Equipped with decent bikes complete with a bewildering assortment of gears we set off and are only defeated by one rather sharp and long incline.. We make it to the bottom of Lang Biang and clouds overhead look vaguely threatening, but we are optimistic and plan to stay ahead of any rain in the rainforest. The path is muddy and treacherous at places, due to the recent wet weather, but the cool air and the shade from the jungle canopy make for perfect hiking conditions.

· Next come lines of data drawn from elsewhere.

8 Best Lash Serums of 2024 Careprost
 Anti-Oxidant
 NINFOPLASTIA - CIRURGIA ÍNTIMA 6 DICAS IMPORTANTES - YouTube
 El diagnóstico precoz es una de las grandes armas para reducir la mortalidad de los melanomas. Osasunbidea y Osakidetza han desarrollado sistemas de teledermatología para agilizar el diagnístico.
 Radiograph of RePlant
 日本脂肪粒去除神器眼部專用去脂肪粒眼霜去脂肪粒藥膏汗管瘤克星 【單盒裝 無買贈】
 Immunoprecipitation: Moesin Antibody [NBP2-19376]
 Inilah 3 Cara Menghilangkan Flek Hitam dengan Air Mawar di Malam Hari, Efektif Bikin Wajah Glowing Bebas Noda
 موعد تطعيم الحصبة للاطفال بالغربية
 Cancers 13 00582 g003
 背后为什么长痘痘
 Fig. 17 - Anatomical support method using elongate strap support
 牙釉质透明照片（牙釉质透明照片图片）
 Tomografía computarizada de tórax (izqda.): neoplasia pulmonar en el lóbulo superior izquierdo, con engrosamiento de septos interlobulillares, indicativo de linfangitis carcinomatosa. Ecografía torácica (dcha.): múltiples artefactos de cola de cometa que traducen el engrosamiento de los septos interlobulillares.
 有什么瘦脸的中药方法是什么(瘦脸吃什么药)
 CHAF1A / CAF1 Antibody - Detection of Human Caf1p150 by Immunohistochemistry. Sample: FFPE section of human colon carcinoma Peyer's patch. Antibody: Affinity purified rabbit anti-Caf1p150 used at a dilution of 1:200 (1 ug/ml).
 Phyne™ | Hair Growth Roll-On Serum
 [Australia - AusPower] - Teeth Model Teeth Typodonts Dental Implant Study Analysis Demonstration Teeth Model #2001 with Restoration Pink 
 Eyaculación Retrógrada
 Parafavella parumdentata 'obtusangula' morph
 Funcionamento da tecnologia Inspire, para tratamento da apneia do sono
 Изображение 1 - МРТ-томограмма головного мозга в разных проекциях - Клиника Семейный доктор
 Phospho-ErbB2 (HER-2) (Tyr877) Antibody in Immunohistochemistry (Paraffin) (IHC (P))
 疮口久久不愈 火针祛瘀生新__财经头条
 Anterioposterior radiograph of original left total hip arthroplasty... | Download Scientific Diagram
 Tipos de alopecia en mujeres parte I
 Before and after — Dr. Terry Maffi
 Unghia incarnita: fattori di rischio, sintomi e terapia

It is indeed a hard slog to get to the top of Lang Biang, the path is steep and slippery and the steps have been fashioned for someone with much longer legs than mine… About halfway up the hill, a light drizzle starts, nothing to worry about but it might interfere with our lunch plans: Cow (again our guide) is carrying a picnic in his rucksack… Luckily, the morning rain is light and briefly vanishes as we reach the top of the mountain, just in time for Cow to prepare our food. Sumptuous… But whatever view we were expecting is shrouded in a thick cloud that has completely enveloped the hilltop, bar the fleeting appearance of a bright blue bit of sky.
And it doesn’t take long for the rain to resume, only this time it comes down by the bucket load, collecting in deep puddles along the path and turning the steps on the way down into pools. We no longer worry about leeches lurking on leaves ready to pounce.. Our only concern is to get back to the bottom of Lang Biang with all skin and bones intact… Of course, we both slip and slide, it is inevitable, but at least the mud makes for soft landings..
And as for the bike ride back and no support? Cow manages to convince his manager to organise a ride back home for us.. I don’t think our legs could have coped with any more exercise, they certainly felt as if they had had enough of a good thing already….
What did we expect in the rainy season???